Frauds
are of such vicissitude and variety
that it is almost impossible to detect those which have been perpetrated with
shrewd and intelligent planning. While the methods and techniques would be best
left to fraud examiners and investigators,
it would be
useful for corporate management to develop some in house techniques to
detect some of these frauds. One such technique is using an approach based on the theory of ‘Inverse Logic’. Often it
is not possible to ascertain whether any assertion is right or reliable for want
of information. For example, in an insurance claim, in absence of all supporting
records, which may have been destroyed or lost, it may
be difficult to accept the claim made by the insured, which could
be inflated. In such situations, the theory of inverse logic is very
effective. In simple words if you cannot what out what the truth of the matter
is, find out what it cannot be and eliminate all such possibilities. This process of
elimination is application of inverse
logic which sometimes is the only method left to ascertain the truth or fact
in a given case.
Take the case of inventories in
an organisation. While the sophisticated software and inventory control
systems do provide a high level of comfort in the reliability of the reports
generated, there have been cases found where inventories had been conveniently inflated for bankers hypothecation or
insurance claims. There is a
famous ‘Salad Oil Scandal’ fraud case which
features in practically every audit or fraud related publication. In this
case, the intelligent fraudster took loans from several banks against salad oil stocks in warehouses to such an absurd
extent that, the aggregate quantity of all salad oil stock pledged with the
banks exceeded even the stock of
salad oil in that whole country. None of the banks had bothered to ascertain
whether the total stock was reasonable and acceptable.
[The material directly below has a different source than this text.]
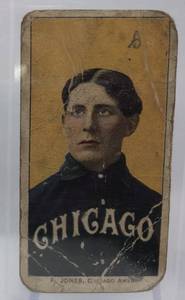 lot 1013 image: Original 1909-11 T206 Fielder Jones Chicago White Sox American League Sovereign Back Baseball Card - Over 110 Years Old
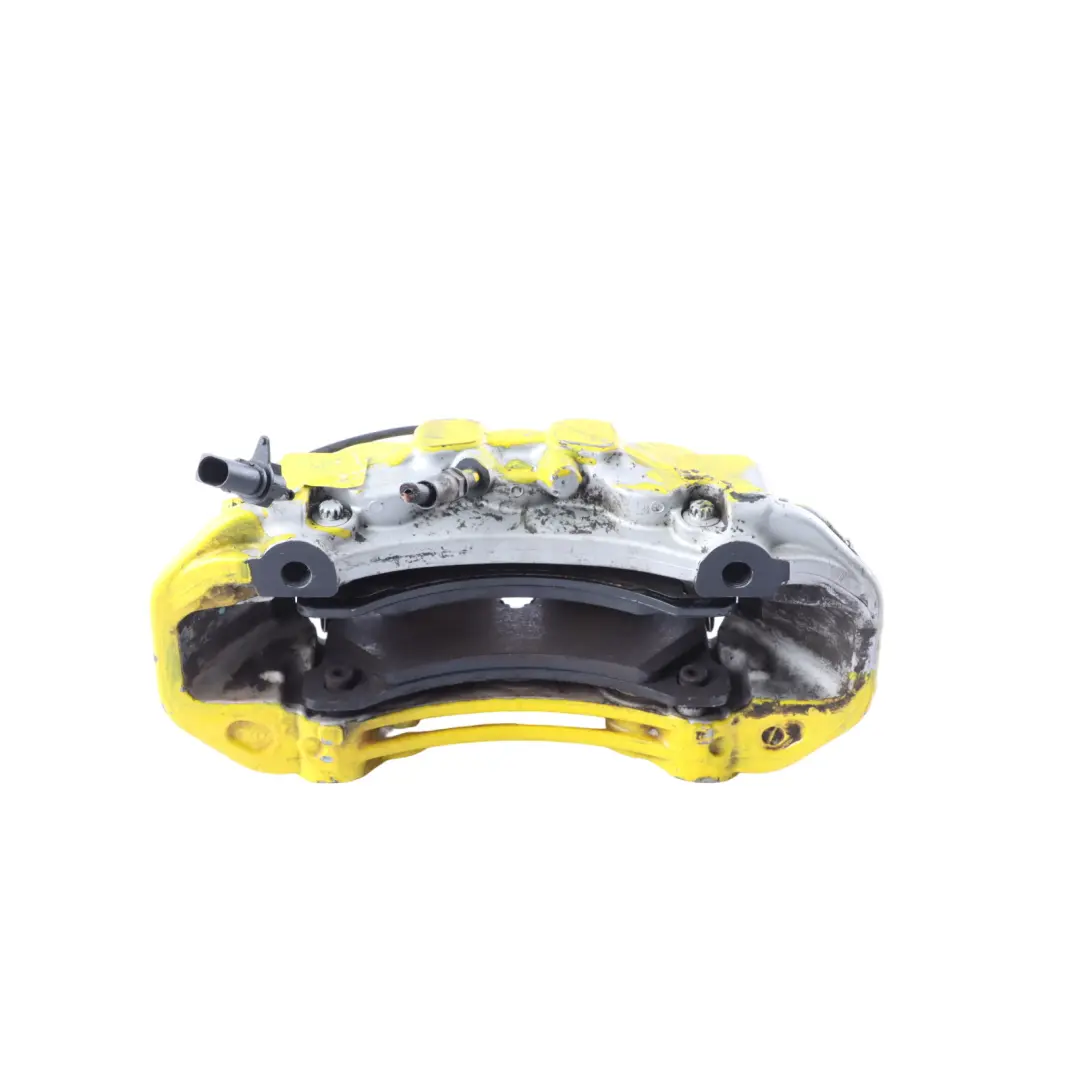 Brake Caliper Housing Yellow Front Right O/S 95B615124A to Porsche Macan 95B with Part number 95B615124A-1 Porsche Macan 95B Brake Caliper Housing Yellow Front Right O/S 95B615124A - SKU 95B615124A-1 - Part number 95B615124A-1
In the same manner, to check the correctness
of quantities of inventories
every management must compute, within reason, the space occupied by the quantities of
inventories represented in any financial report, and compare that with the
physical dimensions of the
warehouses and godowns in which they are stored. In the same manner,
the reliability of production figures can be greatly enhanced by ensuring
that they are within the installed capacities. Similarly, reliability of reports
relating to sales, purchases, gross profits etc would be much greater if they
were compared with past period trends and relationship ratios. For example, a
gross margin shooting up from a previous five year average of 12% to 20 % is sufficient
cause for concern. In case this limit has never been reached before,
the chances are ten to one that there is something materially wrong in
other figures such as overstatement of sales or under statement of purchases or
inflation of inventories or any combination of these possibilities.
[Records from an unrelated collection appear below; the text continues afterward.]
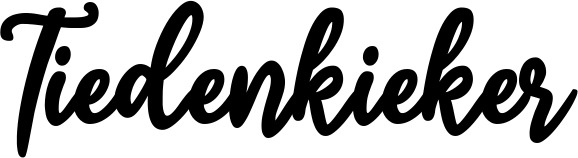 Vorschau des Bootsnamens "Tiedenkieker" als Schriftzug für "Bootsbeschriftung Klassisch 74"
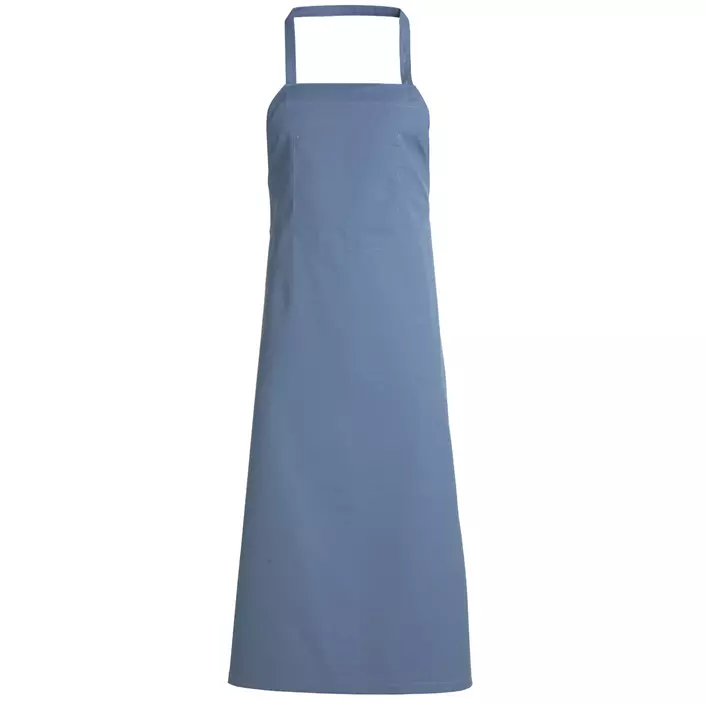 Kentaur wide bib apron, Greyblue, Greyblue, large image number 0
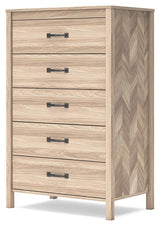 Battelle Tan Chest Of Drawers - Ella Furniture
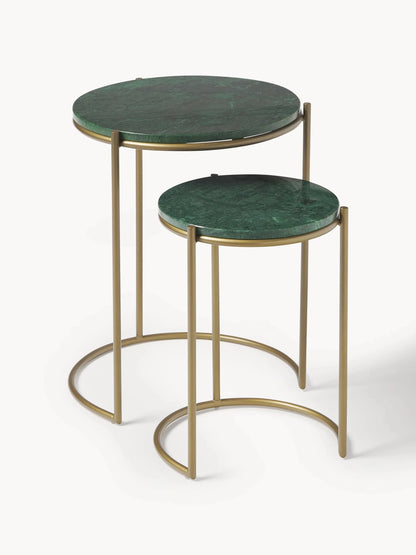 Tables Gigognes en Marbre Ella - Modernista Maroc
The process of elimination is also very effective
in scrutinising any expenditure for payment. One often tends to be
influenced by the supporting bills and details and the main clue pointing out
the absurdity of the claim may be missed out altogether. As in the case of a jigsaw
puzzle, just as each piece must fit exactly into all
the other pieces surrounding it, so also in any transaction if there is even a
single negative clue which does not fall in place with the others, rest assured
that something is amiss. If the person passing any bill or expense voucher
centres his attention only on what is
factually and practically acceptable with reference to the expense claimed,
it will be much easier to spot anomalies A
very amusing fraud case was one where the medical reimbursement request by a
male employee for a certain viral infection was supported by a chemist’s bill
for birth control pills! No doubt, it
is not possible for a person checking any bill to have knowledge or awareness of
every pill or medicine, but the point is very clear that a simple clue could
expose a fraud done very shrewdly. To quote another example, reimbursements for
certain travel expenses in a particular town were found to be completely
fictitious on the strength of a simple clue; the person
had apparently travelled on a day of the week when that particular train
was not scheduled to run. In another case a steamer agent’s fraud of raising
fictitious bills Rs 40 lacs on the client was easily caught
due to a simple clue: The
fictitious bills raised by the steamer agent were for terminal handling charges
which were well supported with full details of tonnage, number of packets in
break bulk cargo, the reference of the bill of entry, the vessel name, the date
of arrival, customs duty paid etc.
However, the fraudster made one small mistake. He did not know that Terminal
Handling Charges were levied by port authorities only in respect of container
cargo and were not applicable to packages in break bulk cargo!
It is on these lines
that corporate management must undertake risk management to minimise damage by
any fraudster. This is a highly specialised service which is provided by
certified fraud examiners, management consultants, and very large audit firms.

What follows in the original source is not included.